The example below uses GCRA (Generic Cell Rate Algorithm) with an in-memory store — no Redis, no external dependencies.

import { gcra } from 'throttlekit';

const limiter = gcra({ limit: 10, periodMs: 1000 });
const result = await limiter.check('api-key-1');
// → { allowed: true, remaining: 9, resetAt: 1700000001000, retryAfterMs: 0 }

For the five built-in algorithms you can use the higher-level rateLimit() factory directly (legacy approach, still works but deprecated):

import { rateLimit } from 'throttlekit';

const limiter = rateLimit({
  strategy: 'token-bucket',
  capacity: 100,
  refillRate: 10, // tokens/second
});

Migration from 0.1.x

In 0.3.x the recommended API uses named strategy factories instead of the rateLimit() string-dispatch factory:

// 0.1.x (deprecated but still works)
import { rateLimit } from 'throttlekit';
const limiter = rateLimit({ strategy: 'token-bucket', capacity: 100, refillRate: 10 });

// 0.3.x (recommended)
import { tokenBucket } from 'throttlekit';
const limiter = tokenBucket({ capacity: 100, refillRate: 10 });

rateLimit() is still functional and will remain so through the 0.x line.

Algorithm Selection

# Algorithm Access Pattern Accuracy Memory Export
1 Token Bucket tokenBucket({capacity, refillRate}) or createTokenBucketStrategy() Exact (continuous refill) O(1) throttlekit
2 Fixed Window fixedWindow({limit, windowMs}) or createFixedWindowStrategy() Low — up to 2× burst at boundary O(1) throttlekit
3 Sliding Window Log slidingWindowLog({limit, windowMs}) or createSlidingLogStrategy() Exact O(n) timestamps throttlekit
4 Sliding Window Counter slidingWindowCounter({limit, windowMs}) or createSlidingCounterStrategy() ~98 % (weighted estimate) O(1) throttlekit
5 Sliding Window (bucketed) slidingWindow({limit, windowMs, buckets}) or createSlidingWindowStrategy() Approximate (tunable by bucket count) O(buckets) throttlekit
6 GCRA gcra({limit, periodMs}) or createGcraStrategy() Exact — telecom-grade ATM algorithm O(1) Float64Array throttlekit
7 Leaky Bucket leakyBucket(...) (unchanged) Exact shaping — delays, not drops O(1) throttlekit
8 Adaptive Concurrency adaptiveConcurrency(...) (unchanged) Latency-aware (gradient² algorithm) O(1) throttlekit

When to use what:

  • Token Bucket — general-purpose; supports bursts up to capacity, then smooths to refillRate.
  • Fixed Window — cheapest; fine for internal tooling where the boundary burst is acceptable.
  • Sliding Window Log — audit-grade; stores every request timestamp.
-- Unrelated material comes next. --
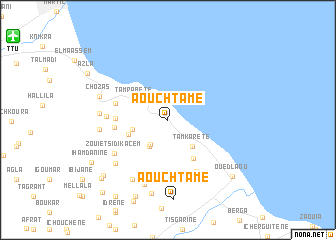 map of Aouchtame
Use at low limits/high value.
  • Sliding Window Counter — best balance of accuracy and memory for most API gateways.
  • GCRA — telecom-bred; single-float state, optimal for high-throughput Redis Lua paths.
  • Leaky Bucket — when you want to queue and delay instead of responding 429.
  • Adaptive Concurrency — replaces circuit breakers for latency-triggered load shedding.

Subpath Exports

ThrottleKit uses Node.js conditional exports. Every path is available as ESM (.js) and CJS (.cjs).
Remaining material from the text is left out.